I already have tried to modify my algorithm to work better, but I haven't achieved any result. My problem is that after the first moves, if I have, for example:
XX.
OO.
...
The Computer, instead of choosing 0 2, choses for example 1 2 and sometimes tries to go for position it can't.
My code:
#include "game.hpp"
pair<int,int> winner;
int m = INT_MAX;
pair<int,int> game::minimax(State ini) {
int v = maxValue(ini);
cout << v << endl;
return winner;
}
int game::maxValue(State u){
int check = u.getUtility();
if( check % 700 == 0 ) {
if( u.moves < m ) {
winner = u.move;
m = u.moves;
}
return check;
}
int v = INT_MIN;
u.makeDescendents();
while( !u.ls.empty() ) {
v = max(v,minValue(u.ls.front()));
u.ls.pop_front();
}
return v;
}
int game::minValue(State u) {
int check = u.getUtility();
if( check % 700 == 0 )
return check;
int v = INT_MAX;
u.makeDescendents();
while( !u.ls.empty() ) {
v = min(v,maxValue(u.ls.front()));
u.ls.pop_front();
}
return v;
}
For you can help me better I will make clear the meaning of some variables:
winner: is the position the computer will move
u.moves: is the depth on the search tree , for root is 0
m: supposed to save the less depth state solution , for that way filter solutions and computer must play the move more close of solution.

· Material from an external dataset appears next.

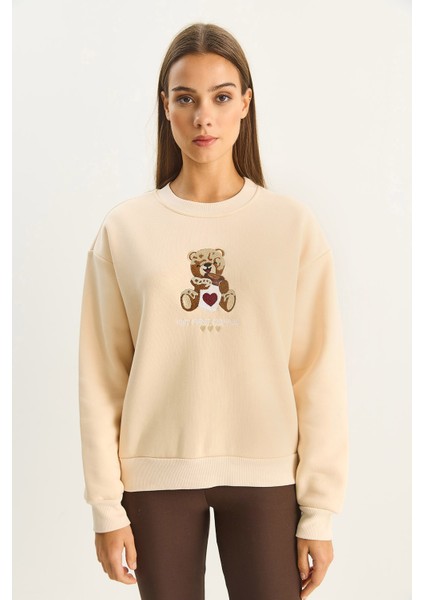 Kadın Teddy Nakış Detaylı Üç Iplik Şardonlu Sweatshirt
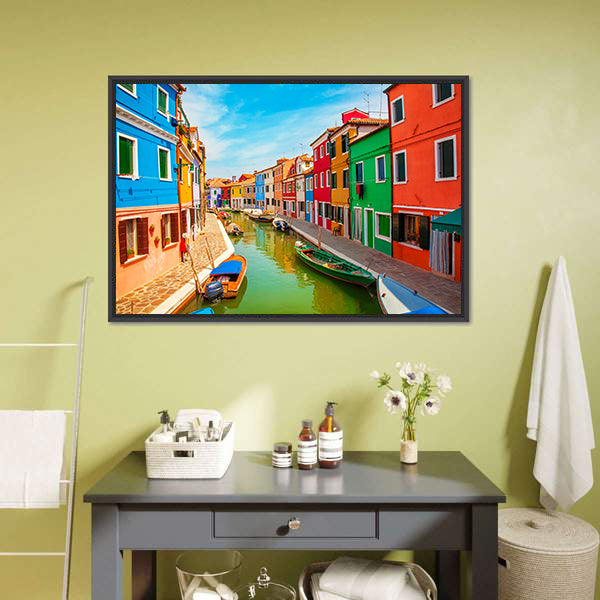 Burano Island in the Venetian Lagoon Canvas Wall Art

check: save utility value at this moment for known if is a terminal state
utility for win is 700 for tie is 0 and for defeat is -700
u.ls: list of children states
Something else , I think use m and winner global and return a global on minimax is a poor solution , do you can see some way to improve this?
Thanks very much.
First things first, what does u.getUtility()
return if the state is not terminal? If it returns 0, well then 0 % 700 == 0
is true, so it's just finding the first move it expanded and selecting it. Since I can't see the u.makeDescendents()
algorithm, I can't rule this out.
If that's not the case, then almost certainly your u.getUtility()
function is making the assumption that it is only ever being called for the same max player. i.e. It's returning 700 if X wins and -700 if X loses. If you're running both sides through the same minimax, then when you evaluate O as max, it's still trying to find a win for X because that's the only time it will see the evaluation as a win.
If this is the case, the fix is simple, determine which player's turn it is from the state and return the win/loss evaluation as if it were that player (which is typically always a loss in TicTacToe because you cannot make a move which loses you the game, you can only win by making a move and the previous player made the last move).
If neither of these suggestions solve the problem, the typical way to debug minimax problems is to step through the game tree one level deep at a time, exploring the path that is returning known invalid evaluations until you find the point at which is generates an incorrect value. Then you have to inspect it as to find out why. This is trivial for small games like tic tac toe, because it only goes 9 levels deep and you can get a perfect minimax value, but for any non trivial game, you generally have to look at your evaluation function to determine where the discrepancy is occurring.